その夜、全曲を通じてもっとも印象的だったのは、異様なほどの緊張を強いる最弱音の多用で、とりわけ終楽章でフルートが息も絶え絶えに心臓破りの峠を上る個所では、聴衆も固唾を呑んで、この前代未聞の凄絶な演奏の行く末を見守ったのでした。

ステージの奥から、白銀色に鈍く光る小鳥が飛んできて、私の胸に次々に飛び込むようでした。それから私はこの異様なロマの魔法使いのお蔭で、哀れな一匹の小ネズミになって仄暗い穴倉まで導かれ、そこで突然抛り出されてしまった。

私は拍手をすることすら忘れて、「これがブラームスだったんだ。これがこのホ短調交響曲の真価なんだ」と思い知らされておりました。

ところが、その翌年の3月17日の横浜県民ホールにおけるチェリビダッケと読響は、もっともっと凄かったのです。

レスピーギの「ローマの松」の「アッピア街道の松」のクライマックスのところで、突然眼と頭の中が真っ赤に染まってしまったわたくし。

もうどうしようもなく興奮して、というよりも、県民ホールの舞台から2階席まで直射される凄まじい音楽の光と影の洪水、音楽の精髄そのものに直撃され、いたたまれず、止むに止まれず、ひとり座席からふらふらと立ち上がってしまったのでした。

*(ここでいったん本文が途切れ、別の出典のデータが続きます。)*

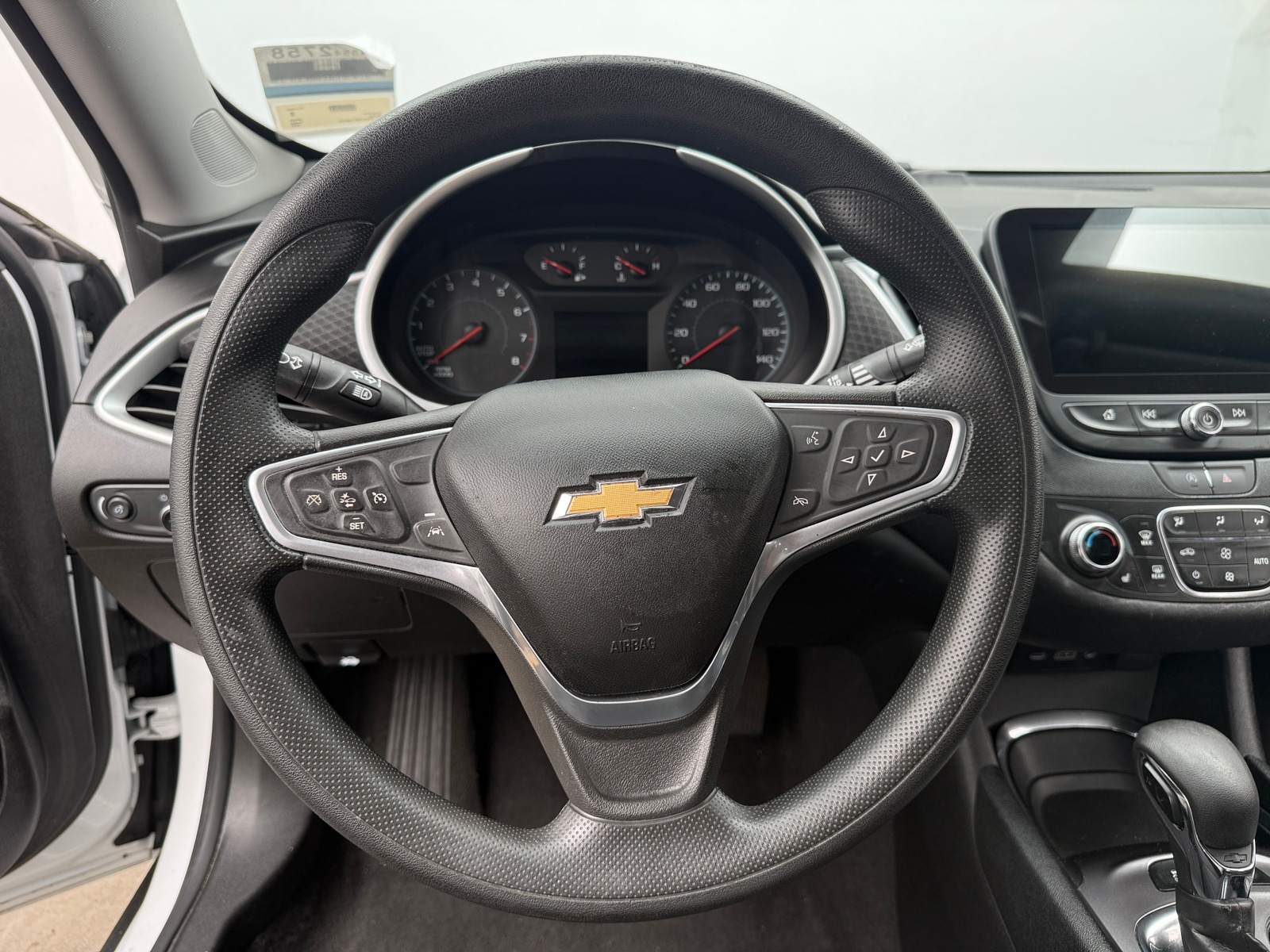 Thumbnail: 2023 Chevrolet Malibu - 5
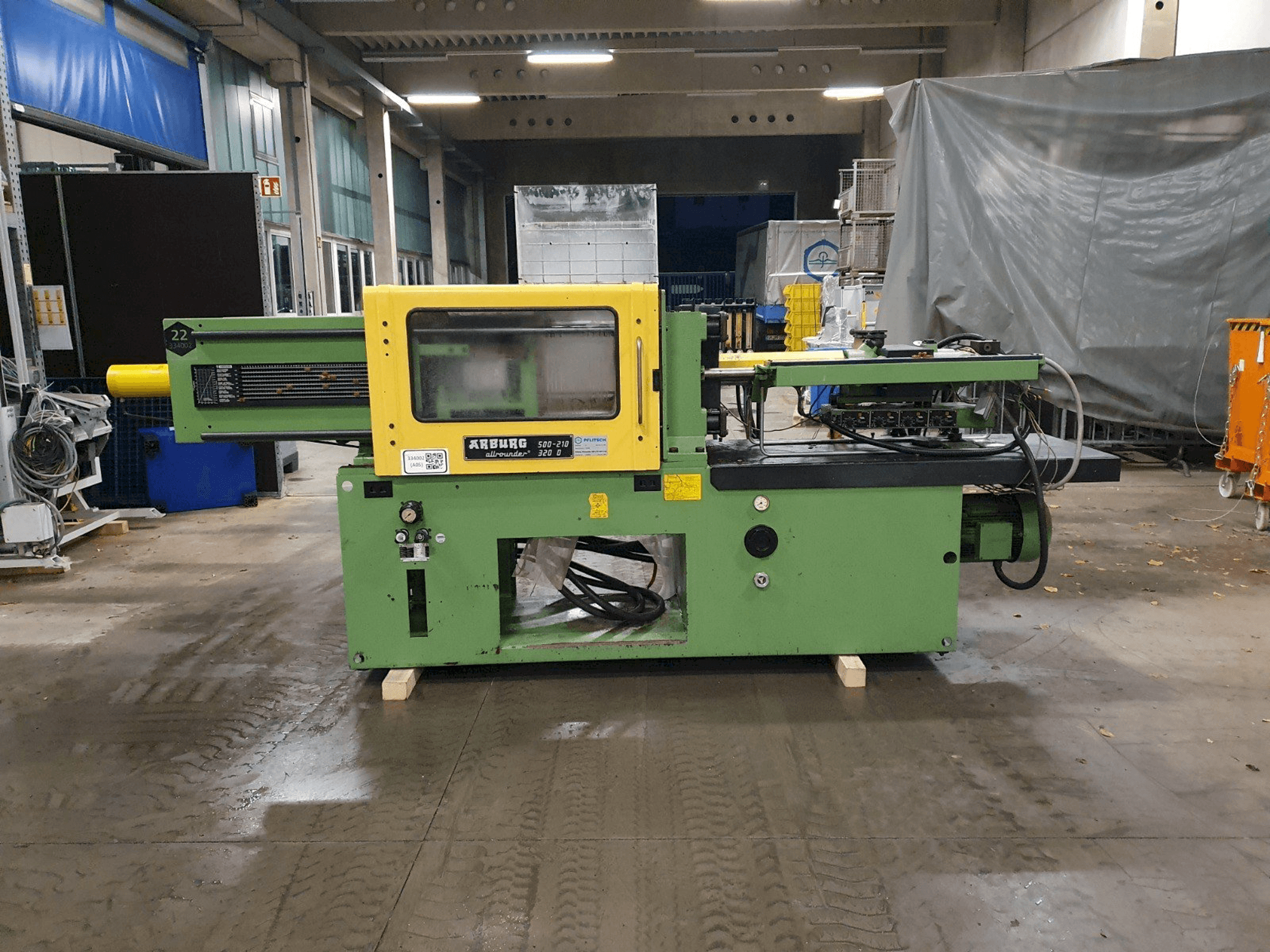 Vista frontal de la máquina Arburg Allrounder 320 D 500-210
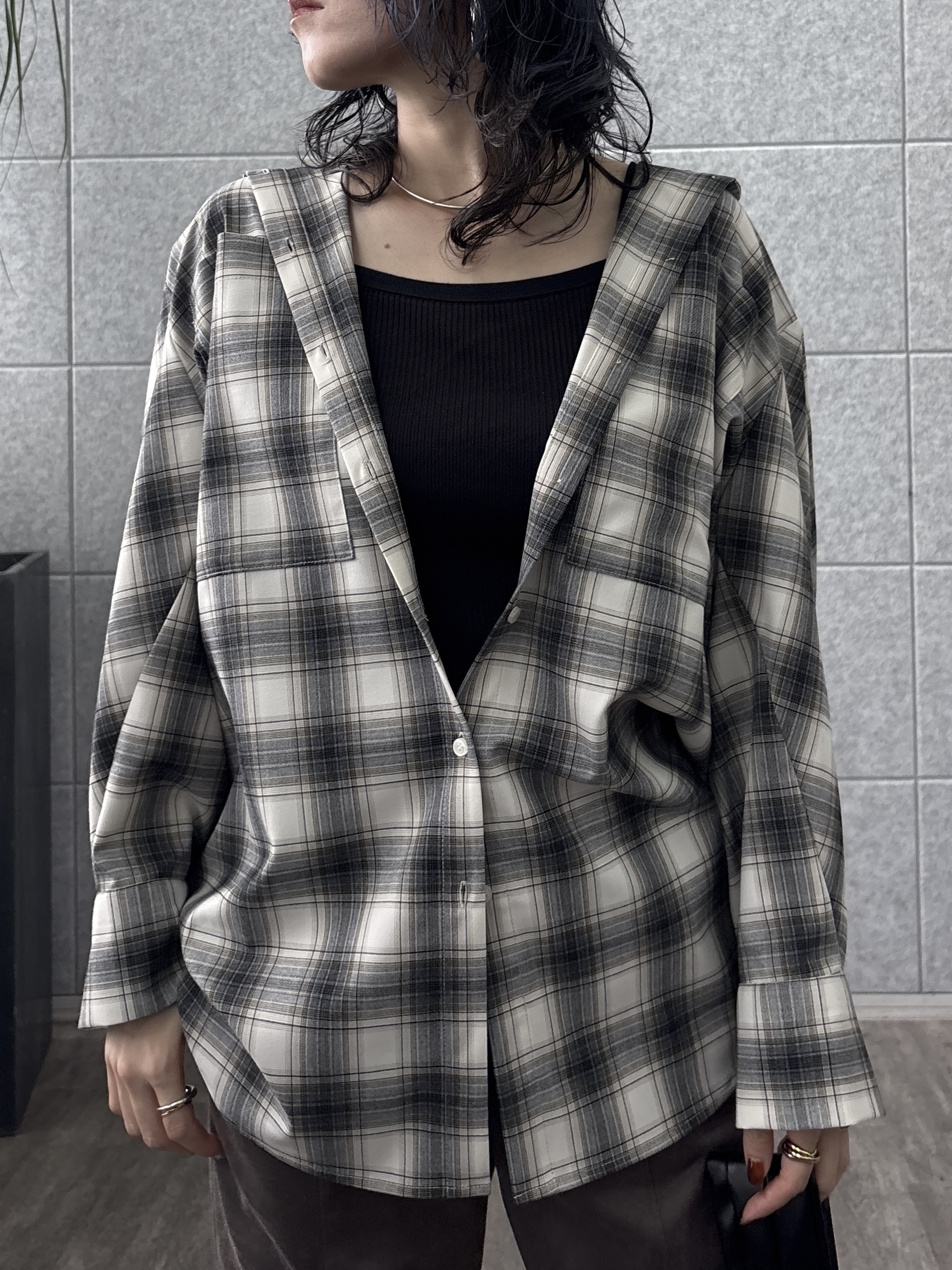 kotakiさんの「INDIVI｜タイムレスフォルムシャツ」を使ったコーディネート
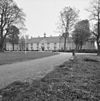 Overzicht voorgevel landhuis, psychiatrisch ziekenhuis, voormalig klooster - Rosmalen - 20348637 - RCE -  Coudewater: Overzicht voorgevel landhuis, psychiatrisch ziekenhuis, voormalig klooster (opmerking: Gefotografeerd voor Monumenten In Nederland Noord-Brabant, bladzijde 290) 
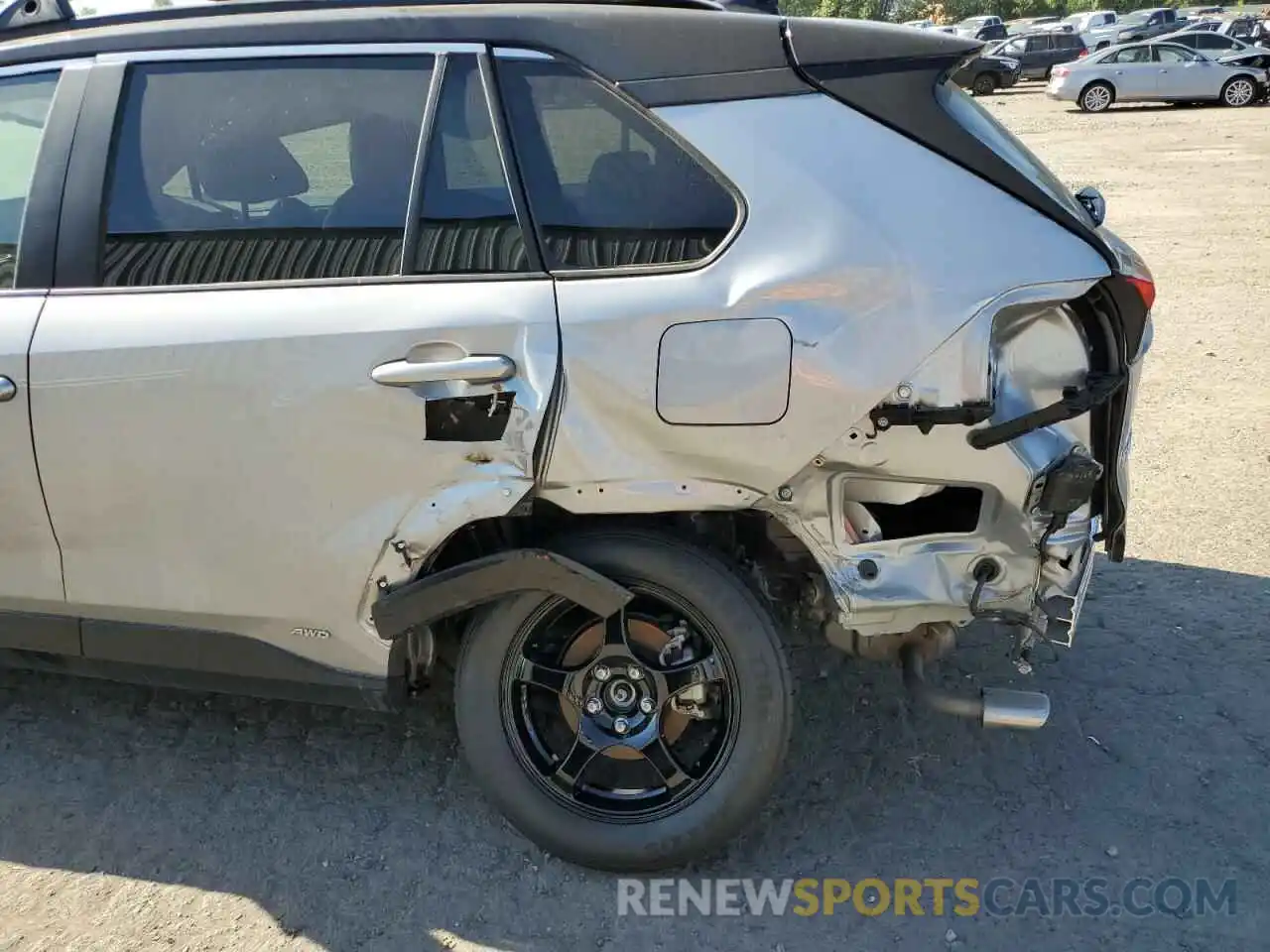 9 Photograph of a damaged car 2T3E6RFV8MW021112 TOYOTA RAV4 2021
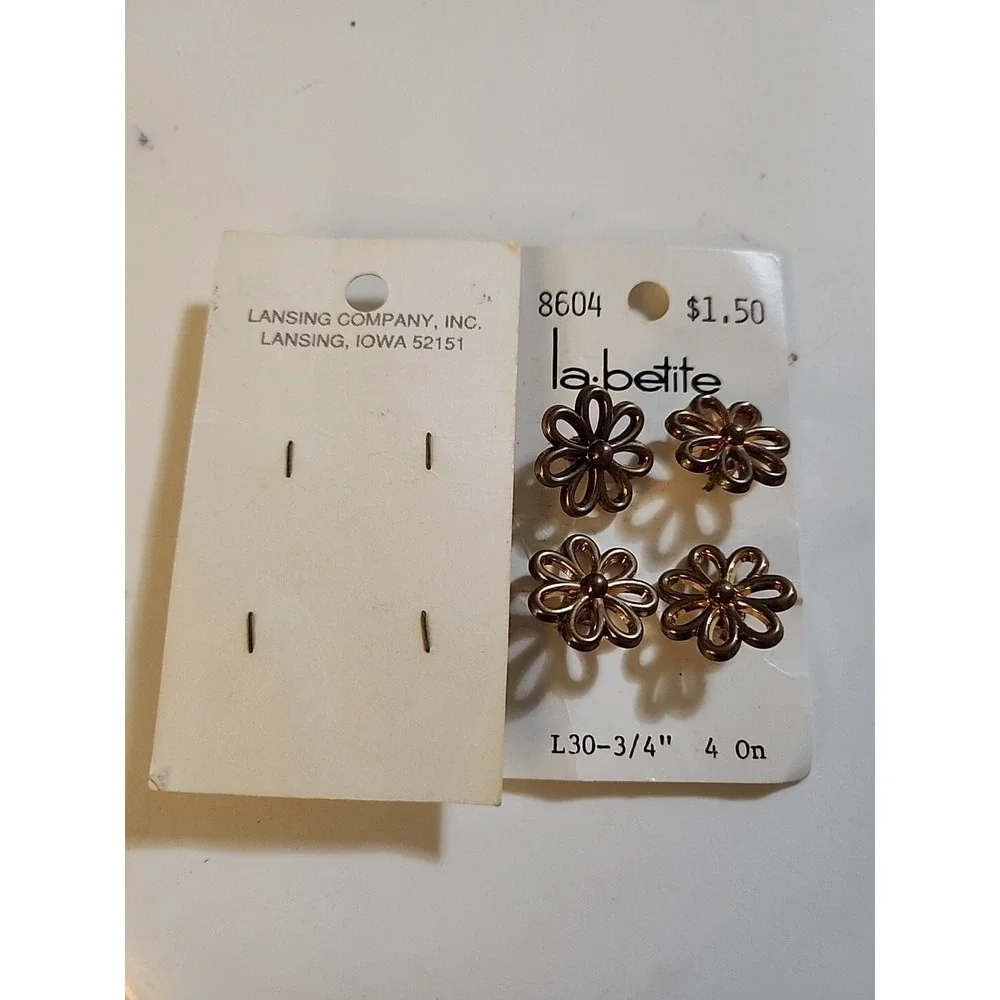 VINTAGE NEW LA PETITE PLASTIC FLOWER CARDED 8 BUTTONS 8604‎ L30-3/4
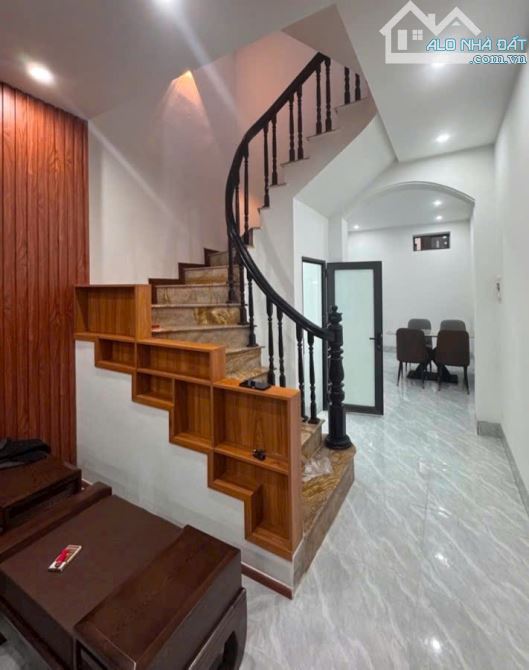 Giáp Bát- Hoàng Mai 40m2. Giá chào 8.98 Tỷ - 1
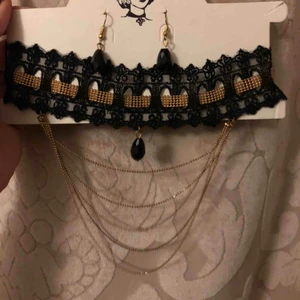 Choker - Svart och guld choker med örhänge, aldrig använd! 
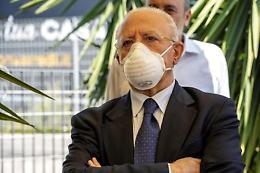 De Luca: «Rischio di zona rossa»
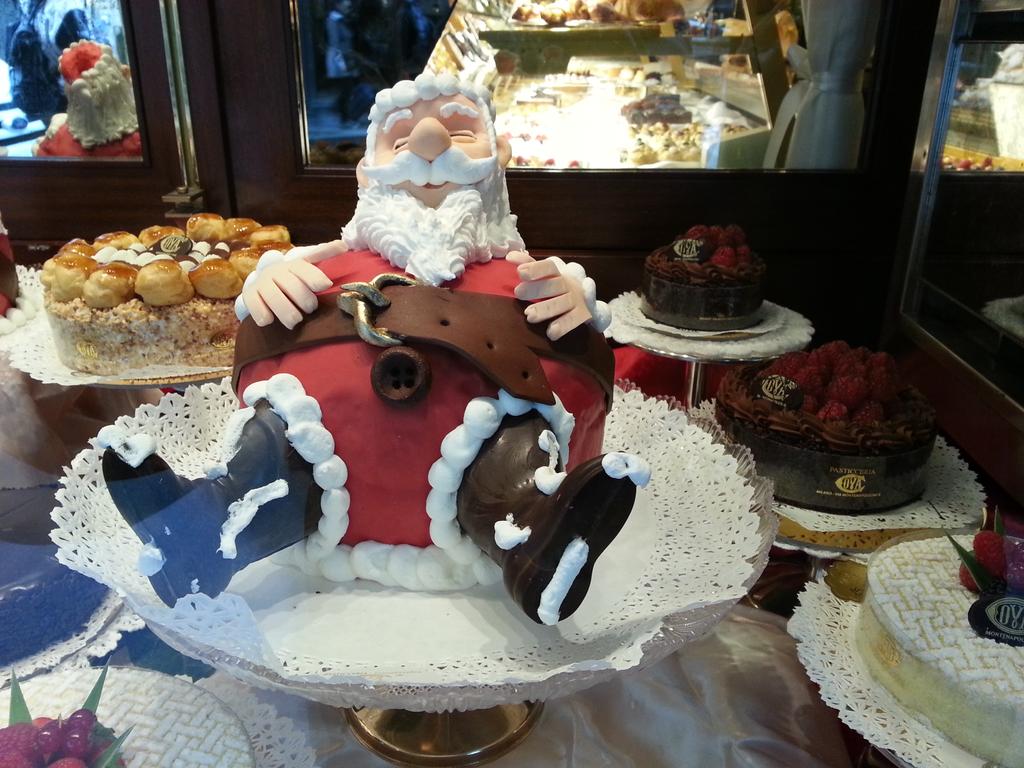 Torte Di Natale Decorate.Chloe Philippou On Twitter Sergiosierra67 Showcases Of Milan Santa Claus Cake Torta Di Babbo Natale Http T Co Iuleyzprtz Cova Montenapoleone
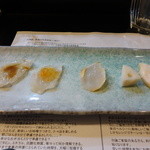 山猫軒 - 三河湾の天然フグは、醤油、柑橘ジュレ、スモークで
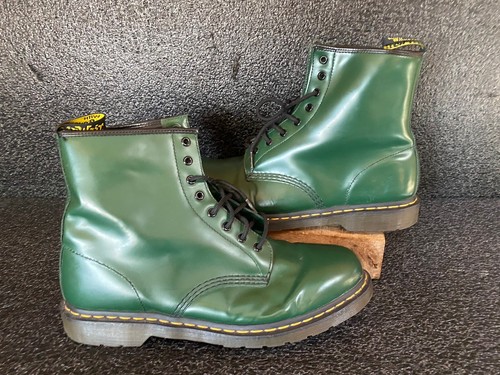 DR. MARTENS avalynė internetu virš 2000 modelių | BRANDSALES.lt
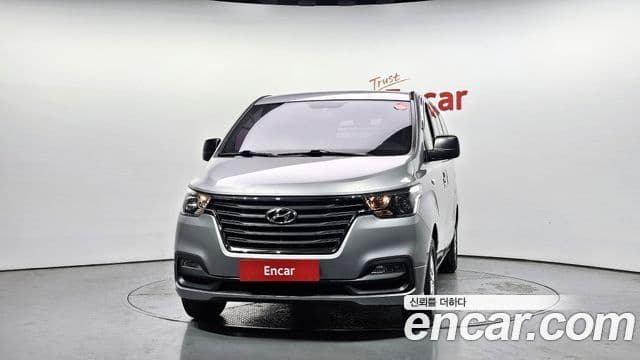 2018 Hyundai (Хёндэ) The New Grand Starex — миниатюра 3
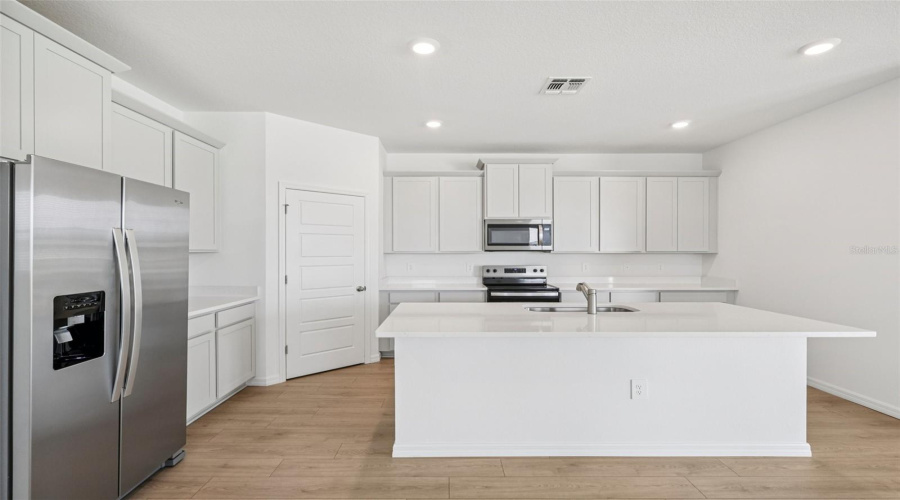 Winter Haven, Florida 33884, 5 Bedroom Bedrooms, ,3 Bathroombathrooms,Residential,For Sale,Hummingbird,0,Mfro6423839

すると、どうでしょう。それは私ひとりではなかったのです。まだ最後の音が鳴り終わらないうちに、私の周囲の興奮しきった大勢の聴衆が次々に立ち上がって、ムンクの絵の「叫び」に似た声なき歓声を、チェリビダッケと読響に向かって送り続けているのでした。

当時の私は、来る日も来る日も国内と外来のプロとアマのオケをさんざん聴きまくっていました。しかし年間300を超える生演奏を耳にしても、その大半が予定調和的な凡演で、この世ならぬ霊感が地上に舞い降りてくる奇跡的な演奏なんてひとつもありませんでした。

思えば、あれこそが、「音楽体験を超える、ほんとうの体験」だったのです。
魂の奥の奥までえぐる音楽の恐ろしさと美しさ、その戦慄のきわまりの果ての姿かたちを、一度ならず二度までも体感できた私は、ほんとうに幸せでした。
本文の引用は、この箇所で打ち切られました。